A notícia de que o trajecto dos indícios sólidos para os indícios robustos, num périplo de 3 ou 4 anos exposto ao detalhe na indústria da calúnia, tinha finalmente conseguido ligar Sócrates a Salgado não entusiasmou a direita decadente que tem dominado PSD e CDS desde meados dos anos 80. Uns patos-bravos do Interior, apenas se distinguindo dos pedreiros porcalhões pelos Mercedes e pelas inflacionadas baselgas, isso sim. Uns escroques da ralé inglesa e seus envelopes, como no Freeport, mesmo fixe. E um sucateiro, cujo dinheiro tresanda a lixo e mijo, maravilha (é escarafuncharem mais um bocadinho que ainda o vão conseguir enfiar na “Operação Marquês” sem dificuldade). Essa tipologia dos putativos corruptores do odiado, porque temido até ao pavor, Sócrates está em perfeito acordo com a cosmogonia e teodiceia dos pulhas em versão direitola. Agora, o BES? O Espírito Santo mais espírito santo é que se lembrou de comprar um primeiro-ministro? Eh, pá… Então, mas o BES e o GES não alimentaram tantas bocas, e durante tantos anos, dos senhoritos (e suas famílias) que têm pululado nos quadros partidários e dirigentes do PSD e CDS? Atão mas, bá lá ber, será que agora vai-se também saber quem mais é que o santo Salgado comprou ou ajudou a comprar? Quer-se dizer, e isto sim é que é importante: a Comporta, afinal, não era um santuário ao ar livre só com gente séria e melgas em ininterrupto bacanal?

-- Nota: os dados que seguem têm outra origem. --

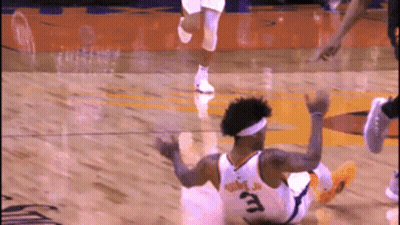 A Basketball Player With The Number 3 On His Jersey Falls To The Floor GIF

Como está claro desde o início, um processo judicial que leva à prisão de um ex-primeiro ministro por suspeita de corrupção torna-se, acto contínuo, uma questão de regime. Podemos até separar a exploração política do caso que foi e é insistentemente feita através de alguns órgãos de comunicação social, o que permanece incontornável é a gravidade do que está em causa: é impossível que a eventual corrupção, qualquer que se conceba, tenha sido concretizada apenas pela acção de um único indivíduo então no Governo, mesmo que esse indivíduo fosse o chefe do Executivo; aliás, por estar nesse cargo, a realização dos actos corruptos – dada a sua permanente exposição burocrática, política e mediática – implicaria uma logística cuja complexidade está absolutamente ausente em tudo o que foi vertido publicamente até à data e que acabaria necessariamente por envolver o próprio Partido Socialista e sua elite dirigente. Por outro lado, esta é uma questão de regime pela qualidade da investigação e dos actos judiciais que foram assumidos pelo Ministério Público e pelo juiz de instrução. Tal como não queremos viver numa sociedade onde após se deterem suspeitos de crimes, quaisquer crimes, eles sejam humilhados pela turbamulta e espancados pelos polícias só porque parece que cometeram ilegalidades, assim ficará por fazer a história deste processo onde desde o primeiro momento condicionador da liberdade de um cidadão, a detenção de Sócrates no aeroporto acabado de chegar a Portugal, tudo tem sido feito para condenar na praça pública um ex-primeiro-ministro e ex-secretário-geral do PS sem que ele se possa defender de ataques criminosos. Estes actos têm responsáveis, se depois o País se dará ao respeito de os expor e julgar é o que veremos – mas não veremos, né?

E como temos descoberto nas últimas semanas, tocar em Ricardo Salgado é abraçar o regime. Um regime onde até Marcelo Rebelo de Sousa aparece na berlinda como um dos seus mais influentes e poderosos maestros. Perante a magnitude do que está implícito nas acções e omissões do Banco de Portugal e do Governo de Passos, este miserável caso onde ainda nem sequer se conseguiu acusar o bode expiatório da Nação seja do que for é agora uma fonte de luz apontada às mãos, e cabeças, escondidas na escuridão oligárquica.